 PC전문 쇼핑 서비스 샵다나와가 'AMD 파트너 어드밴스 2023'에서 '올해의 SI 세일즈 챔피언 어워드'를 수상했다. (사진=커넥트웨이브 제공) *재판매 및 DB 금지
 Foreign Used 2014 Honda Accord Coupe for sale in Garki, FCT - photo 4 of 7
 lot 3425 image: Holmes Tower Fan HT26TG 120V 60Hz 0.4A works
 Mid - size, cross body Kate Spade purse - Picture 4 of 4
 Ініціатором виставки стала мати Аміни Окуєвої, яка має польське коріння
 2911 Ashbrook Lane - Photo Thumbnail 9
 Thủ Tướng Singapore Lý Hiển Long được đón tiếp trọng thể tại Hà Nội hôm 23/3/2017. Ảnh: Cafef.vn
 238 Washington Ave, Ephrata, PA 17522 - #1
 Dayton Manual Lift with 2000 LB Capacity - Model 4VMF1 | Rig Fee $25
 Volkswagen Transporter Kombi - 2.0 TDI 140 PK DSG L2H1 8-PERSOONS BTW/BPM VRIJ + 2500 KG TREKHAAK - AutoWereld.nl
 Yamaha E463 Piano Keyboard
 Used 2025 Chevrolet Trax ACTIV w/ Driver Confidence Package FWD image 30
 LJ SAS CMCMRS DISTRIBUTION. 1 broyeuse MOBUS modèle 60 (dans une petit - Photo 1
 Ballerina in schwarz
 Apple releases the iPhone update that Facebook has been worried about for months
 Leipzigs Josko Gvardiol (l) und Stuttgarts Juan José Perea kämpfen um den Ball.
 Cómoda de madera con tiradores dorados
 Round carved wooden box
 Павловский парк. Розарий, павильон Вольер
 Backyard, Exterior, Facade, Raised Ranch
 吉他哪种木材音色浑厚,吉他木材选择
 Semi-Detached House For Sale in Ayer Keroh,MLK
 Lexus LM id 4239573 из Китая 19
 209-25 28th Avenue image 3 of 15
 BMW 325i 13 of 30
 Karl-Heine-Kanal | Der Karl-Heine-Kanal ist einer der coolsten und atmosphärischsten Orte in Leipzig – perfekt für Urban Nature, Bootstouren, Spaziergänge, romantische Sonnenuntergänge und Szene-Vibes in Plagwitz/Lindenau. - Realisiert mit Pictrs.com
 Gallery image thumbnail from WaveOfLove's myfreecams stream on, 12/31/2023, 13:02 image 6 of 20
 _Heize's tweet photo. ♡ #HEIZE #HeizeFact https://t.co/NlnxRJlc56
****************************************
● **Problem details**:
Your answer should consist of all lines above that include the string "Used".

● **Solution to this task**:
 Foreign Used 2014 Honda Accord Coupe for sale in Garki, FCT - photo 4 of 7
 Used 2025 Chevrolet Trax ACTIV w/ Driver Confidence Package FWD image 30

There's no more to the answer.